The WTO Trade Policy Review Body reviews every two years the EU’s trade policy, the previous review being in July 2002. The review is done on the basis of a report drawn up by the WTO Secretariat. The report prepared by the WTO Secretariat for this occasion underlines the predominant position of the EU in the WTO, and recognises the EU’s instrumental role in advancing the Doha Development Agenda. The WTO Report also explains that the EU has not only sought further trade opening, but has supported stronger international trade rules and used trade to achieve sustainable development.
The Trade Policy Review in WTO is an opportunity for the EU to demonstrate its commitment to multilateral institutions and solutions. The EU’s primary objective in the Doha Round remains the strengthening of rules and further opening markets for goods and services around the world, so as to benefit workers, consumers and businesses. Equally, the WTO review will demonstrate how the EU’s open and dynamic market economy relies upon high levels of social provision and human capital, and promotes sustainable development.
The WTO Review will also focus on the EU’s regional and bilateral trade initiatives, aimed at helping developing countries trade more and enjoy economic growth. In parallel with the Doha Development Agenda, the EU has provided even greater access to the EU market through regional and bilateral agreements as well as the extensive use of its system of unilateral preferences (Generalised System of Preferences – GSP) for developing countries, and the provision of duty- and quota-free access to exports from the world’s 50 poorest countries under the Everything-But-Arms initiative.

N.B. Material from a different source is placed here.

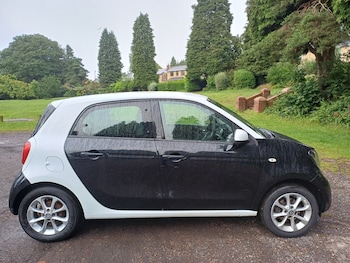 Used smart forfour 2016 for sale - 78882328: Photo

In addition, the EU is fostering regional integration within the developing world, notably through the Economic Partnership Agreements (EPAs) negotiations with ACP regions. Negotiations on the EPA’s began during the period covered by this Trade Policy Review. These agreements aim first and foremost at fostering regional integration of ACPs countries, thus creating economies of scale capable of fostering South-South trade and investment. These and other regional negotiations complement the WTO agenda.
The EU’s support for the multilateral system is rooted in its experience of integration in Europe. The creation and consolidation of the Internal Market is itself a model for how globalisation can be better managed through international cooperation and the setting of common rules. The major enlargement to 25 Members on 1 May 2004 expands those rules and a common trade policy to a wider Europe. The WTO Review this week will show that EU enlargement has also created major opportunities and benefits for the EU’s trading partners: by providing them with a bigger EU market anchored on common commercial policy, by lowering tariffs in the new Member States, and by expanding arrangements for developing and least-developed countries.